D’un autre côté, de jeunes snowboardeurs effectuant un stage de détection aux Carroz d’Arâches se sont mis côte à côte pour former un cœur sur la neige. Soutenu par leur coach, cet acte solidaire n’a pas uniquement eu pour but de rendre hommage, mais aussi de faire perdurer son esprit à travers un héritage sportif.

Biographie

Son père, Jean Pomagalski, a été connu pour avoir fondé une société de construction mécanique dénommée Poma. Julie Pomagalski, née le 10 octobre 1980, avait déjà hérité d’un caractère de leader et de championne. Elle consacra une partie importante de sa vie au sport. Elle s’est surtout fait démarquer en 1999 quand elle décroche le titre de championne du monde de snowboardercross en Allemagne, suivi d’un autre sacre en 2004.

Titulaire d’un Master en Management à l’EM Lyon en 2007, elle a occupé un poste de responsable du service communication au Méribel Tourisme. Elle a aussi été monitrice de ski, consultante marketing et spécialiste du tourisme en montagne. À son actif, elle a fait plus de 10 ans de bénévolat.

Le corps de Julie Pomagalski a été retrouvé sans vie par des sauveteurs après avoir été emporté par une forte avalanche lorsqu’elle a fait du ski hors-piste avec trois autres personnes dans la zone du Steintäler.

Du bénévolat pour aider son prochain

Ses qualités d’altruiste la poussaient à faire du bénévolat dont elle a consacré une dizaine d’années de sa vie. L’association qui a bénéficié de son sourire œuvre à soutenir les personnes vivant avec la mucoviscidose, par divers programmes. Il y a les projets de soutien individuels qui servent à soutenir la pratique du sport au quotidien afin que les malades puissent jouir d’une meilleure endurance et d’une santé plus encourageante.

Des programmes sont également entrepris en groupe et ont pour objectif de favoriser l’expérience de vie et le partage autour du sport pour ces individus. Mais la principale contribution de Julie Pomagalski est son dévouement pour l’encadrement des enfants, des adolescents et des adultes greffés. En effet, elle faisait partie d’une équipe sérieusement étudiée et constituée d’experts médico-sportifs et champions. Elle a notamment enseigné l’apprentissage des règles d’or du sport. Sa présence en tant que championne de sport donnait aussi une motivation particulière et beaucoup d’espoir aux stagiaires qui ont bénéficié du programme.

Les mots de la fin

À l’annonce de sa mort, d’autres sportifs qui ont côtoyé cette championne olympique ont également fait part de leur tristesse. Pour l’ancienne snowboardeuse et vice-championne en 2010, Déborah Antonioz, qui avait du mal à réaliser son décès, Julie Pomagalski était une source d’inspiration et un modèle. Non seulement elle reconnaît ses qualités sportives, mais aussi celles de sa vie de tous les jours.

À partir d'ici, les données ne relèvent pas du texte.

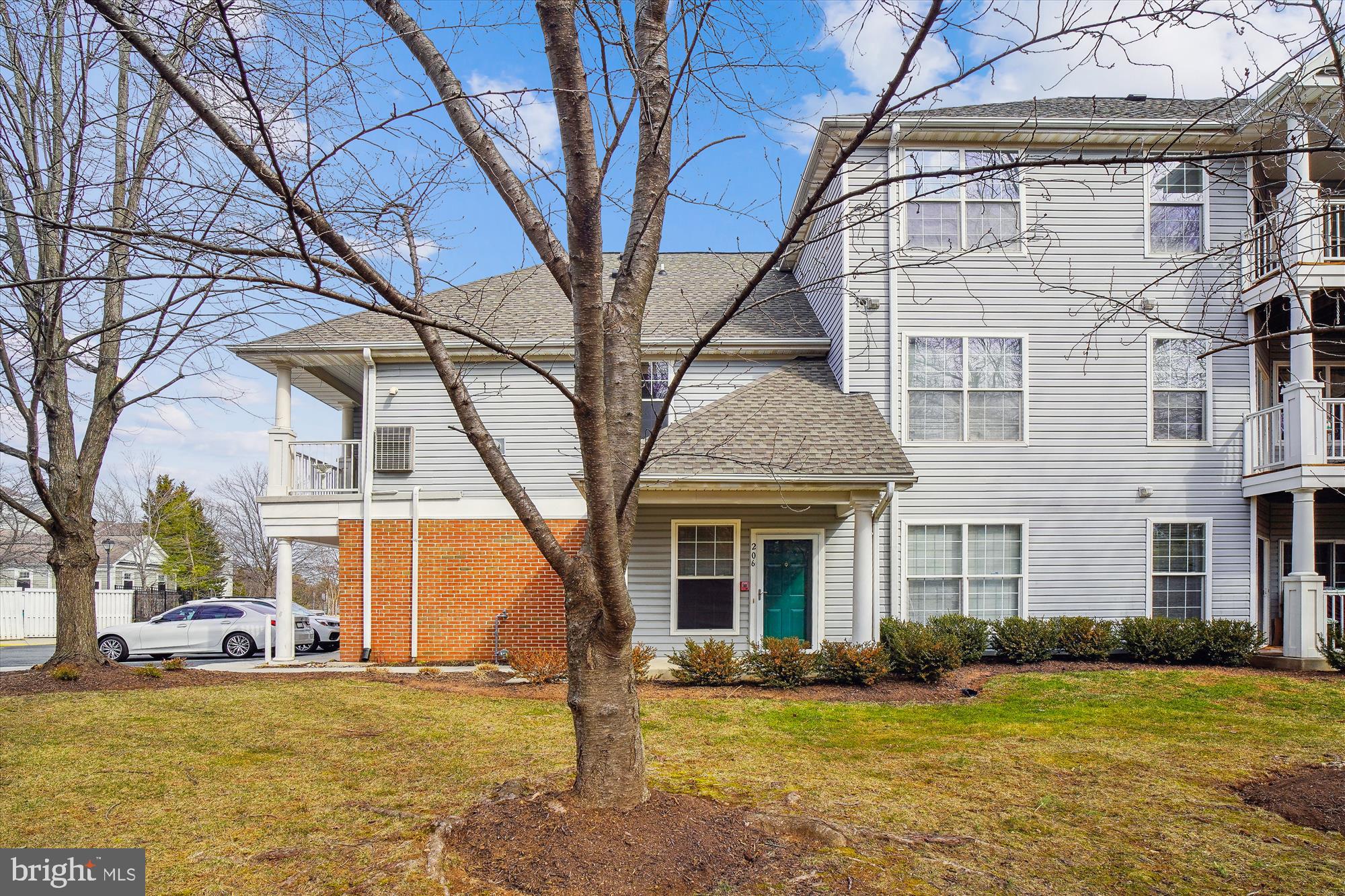 12712 Found Stone Road, Unit 4206 Germantown, MD 20876 - Photo 1 of 58 a front view of a house with a yard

Pour la championne olympique de 2002 Isabelle Blanc, sa disparition ressemble à la disparition d’une autre championne en snowboard, Karine Ruby, décédée en 2009 dans le massif du Mont-Blanc. Dans sa tristesse, Isabelle Blanc ajouta que « c’était deux personnes qui rayonnaient, qui souriaient beaucoup. On n’oublie pas, on s’habitue. On va s’habituer à l’absence. Je ne sais pas quoi dire ».

Les dernières années de sa vie, Julie Pomagalski s’est consacrée à la gérance de son école de ski et de son magasin de sport.